Cameroons to England
February 24, 1932

The Woermann shipping line set up an African base on the Kamerun River
and by 1882 was running a mail boat service (Hamburg-Westafrika).
This led to a German protectorate of the coastal area around Duala (now Douala).
Germany expanded their interests in the area up until World War I.

The Allies began a campaign for Kamerun
with the capture of Duala on September 27, 1914.
It took until February 18, 1916, for the last German Post Office
in Mora inland south of Lake Chad to be captured.

The colony was divided between Britain and France on March 4, 1916.
After the war, mandates were granted to the two nations
by the League of Nations based on the de facto partition line.

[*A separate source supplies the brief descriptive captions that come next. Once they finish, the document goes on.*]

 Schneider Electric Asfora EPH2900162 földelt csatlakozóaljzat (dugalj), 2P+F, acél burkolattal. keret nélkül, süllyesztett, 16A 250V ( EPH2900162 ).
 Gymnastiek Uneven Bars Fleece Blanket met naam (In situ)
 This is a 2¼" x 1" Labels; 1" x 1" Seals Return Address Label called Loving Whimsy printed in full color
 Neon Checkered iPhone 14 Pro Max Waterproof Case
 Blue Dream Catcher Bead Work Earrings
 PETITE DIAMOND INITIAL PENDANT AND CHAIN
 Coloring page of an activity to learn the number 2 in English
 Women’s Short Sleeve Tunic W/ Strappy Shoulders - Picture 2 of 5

The British mandate, Cameroons,  was a narrow strip along
the northwest boundary of the former German colony.
The remainder became the French mandate, Cameroun.
Cameroon was reunited after a plebiscite in 1961.

The stamps of Nigeria were used in Cameroons from some time in 1920.
This is an example of mail posted from Victoria on the coast of the Gulf of Guinea.
Victoria was a settlement of English Baptist missionaries on Ambas Bay.
As the CDS didn't strike the stamps, someone cancelled them with two pen slashes.

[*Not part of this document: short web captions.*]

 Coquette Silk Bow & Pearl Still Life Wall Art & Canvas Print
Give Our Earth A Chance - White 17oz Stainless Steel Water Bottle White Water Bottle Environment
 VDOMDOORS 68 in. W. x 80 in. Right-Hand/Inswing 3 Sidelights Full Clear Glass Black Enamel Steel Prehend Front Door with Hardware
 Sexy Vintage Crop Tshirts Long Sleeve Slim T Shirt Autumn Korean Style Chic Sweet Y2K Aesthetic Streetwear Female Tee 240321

The cover is franked with two King George V stamps.
The d green was issued in 1921 (Scott 18) and
the 1d orange was issued in 1931 (Scott 20).

The destination was Old Hill.
There are a couple of Old Hills; however, it has been suggested that this one
is just north of Halesowen in the West Midlands west of Birmingham.*
There are no transit or arrival marks.

*Thanks to Dave Parsons for correcting the destination and locating Old Hill for me.